Best Socks for Mud Runs & Obstacle Races
Well to start you want to consider if you even want socks or not. If you are running in Vibrams and are comfortable going without, by all means, don’t put on socks just for the event. The less clothing you can have on your body weighing you down the better.
But on the other hand if you aren’t used to running without socks, and now you’re running in wet shoes, you may end up with some world class blisters. So if you haven’t gone sock-less before, I wouldn’t recommend starting your event this way.
The Sock List
Here are the different socks we recommend for mud runs and obstacle races. Tried to get a pretty wide selection and different assortment of prices. Also, included some toe socks for people running in Vibrams or who are used to wearing them. They can actually be good for keeping sand from rubbing between your toes, causing blisters.

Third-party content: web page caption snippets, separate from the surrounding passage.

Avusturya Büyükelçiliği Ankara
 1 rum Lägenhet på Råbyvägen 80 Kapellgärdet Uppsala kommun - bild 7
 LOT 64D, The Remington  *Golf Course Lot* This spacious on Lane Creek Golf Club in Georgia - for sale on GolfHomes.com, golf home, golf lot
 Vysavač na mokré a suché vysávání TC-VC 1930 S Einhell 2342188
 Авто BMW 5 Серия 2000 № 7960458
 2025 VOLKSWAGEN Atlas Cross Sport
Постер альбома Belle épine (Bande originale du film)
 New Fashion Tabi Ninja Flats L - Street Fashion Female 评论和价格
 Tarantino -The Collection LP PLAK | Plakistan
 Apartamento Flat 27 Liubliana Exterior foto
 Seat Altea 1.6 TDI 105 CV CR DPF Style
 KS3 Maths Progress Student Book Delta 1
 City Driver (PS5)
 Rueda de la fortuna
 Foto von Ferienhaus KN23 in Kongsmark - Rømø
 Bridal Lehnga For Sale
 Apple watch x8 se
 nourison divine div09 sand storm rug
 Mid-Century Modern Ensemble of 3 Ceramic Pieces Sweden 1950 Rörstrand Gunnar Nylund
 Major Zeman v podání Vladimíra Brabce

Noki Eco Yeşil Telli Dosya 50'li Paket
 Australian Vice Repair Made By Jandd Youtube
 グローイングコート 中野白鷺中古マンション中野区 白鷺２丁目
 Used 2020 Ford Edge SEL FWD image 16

Drymax makes some of the best running socks, and they happen to be pretty good for mud runs too, as the same principals apply. Keep your feet dry, prevent slipping and blisters from forming. Drymax socks are nice because the special Dual Layer Moisture Removal System helps move moisture off the skin through the inner Drymax layer to the outer absorbent layer. It doesn’t mean you’ll keep your feet dry through the event but it does mean the socks are light enough and fairly good at wicking water away.
If you are the type of person going for the smallest most minimal socks possible this is the way to go. Super light, low profile and good at wicking away water. Exactly what you need.
Same deal as the type above just with the really low back. I thought these socks were more for style than anything until I tried them. I kinda prefer the low profile with my Minimus. Just enough sock to cover the shoe and nothing more.
Maximum Protection socks are designed to prevent blisters. So if that is a major concern for you, these are the only way to go.
Another option to going with the lightest socks possible is to go mesh for improved wicking of water away from your feet.
It can be a little strange at first but toe socks can be great for mud runs. And when it comes to toe socks, Injinji socks are the best. If you are running in Vibrams and want a little more protection, or just like the feel of toe socks, these are the way to go.
No show, low Injinji socks are super light and thin. Pretty close to being barefoot. Ideal for minimalist shoes.
Slightly thicker yet still very minimal. Offers a little more protection.
If you are looking for more support Injinji also makes a Performance Compression sock. Personally, I’ve never found the need for compression socks but I know a few people, mainly long distance runners, who swear by them. They help by enhancing circulation to the leg muscles and muscle recovery.
Socks Not to Wear
Not all socks are created equal. Cotton socks is a no-no. Cotton anything is a big no-no. It stretches out when wet and cotton sops up water and it holds onto it. Especially, if you are running a Tough Mudder in cold conditions, this is going to make your life worse, and is borderline dangerous. Wet clothes in cold weather is asking for hyperthermia. You want to be in as little clothing as possible and material that wicks water as fast as possible, including your socks.
Big thick socks or long socks are also not the greatest idea. Maybe they are needed to go with your costume which is cool, but if you are trying to make your event as easy on your body as possible, stick to the lightest shortest socks you can find.
With all your clothing you want it to be tight fitting. This includes your socks. You don’t want a pear that can shift or slide around on your feet, or worse, bunch up in your shoe.